Streaming Variational Inference for Bayesian Nonparametric Mixture Models
This work addresses the challenge of scalable inference for flexible Bayesian nonparametric models in streaming applications, which is incremental as it extends existing methods to a broader class of models.
The authors tackled the problem of applying Bayesian nonparametric models to streaming data by developing a streaming variational inference algorithm for normalized random measure mixture models, demonstrating its effectiveness on clustering documents in large, streaming text corpora.
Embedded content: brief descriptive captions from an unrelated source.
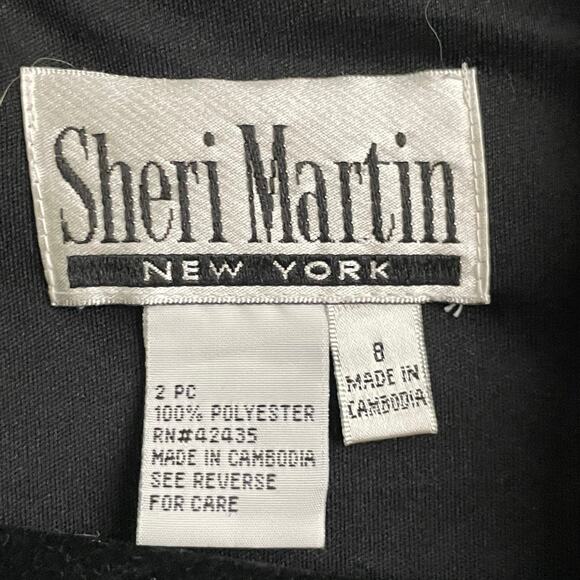 1990s Vintage 8 short sleeve blouse with sheer train black goth cocktail party - Picture 7 of 9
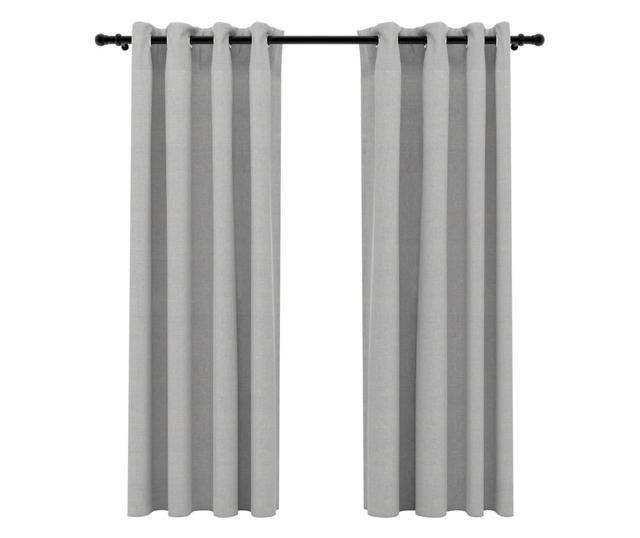 Neprozirne zavjese od imitacije lana s ušicama, 2 kom, sive, 140x175 cm
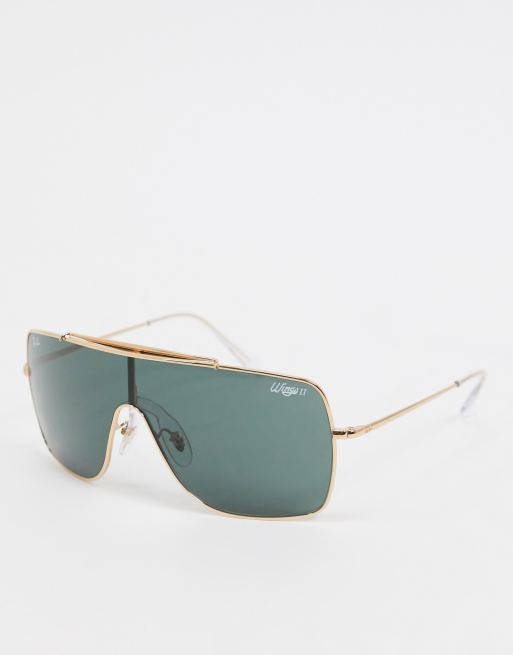 Rayban oversized aviator sunglasses in gold | ASOS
In theory, Bayesian nonparametric (BNP) models are well suited to streaming data scenarios due to their ability to adapt model complexity with the observed data. Unfortunately, such benefits have not been fully realized in practice; existing inference algorithms are either not applicable to streaming applications or not extensible to BNP models. For the special case of Dirichlet processes, streaming inference has been considered. However, there is growing interest in more flexible BNP models building on the class of normalized random measures (NRMs). We work within this general framework and present a streaming variational inference algorithm for NRM mixture models. Our algorithm is based on assumed density filtering (ADF), leading straightforwardly to expectation propagation (EP) for large-scale batch inference as well. We demonstrate the efficacy of the algorithm on clustering documents in large, streaming text corpora.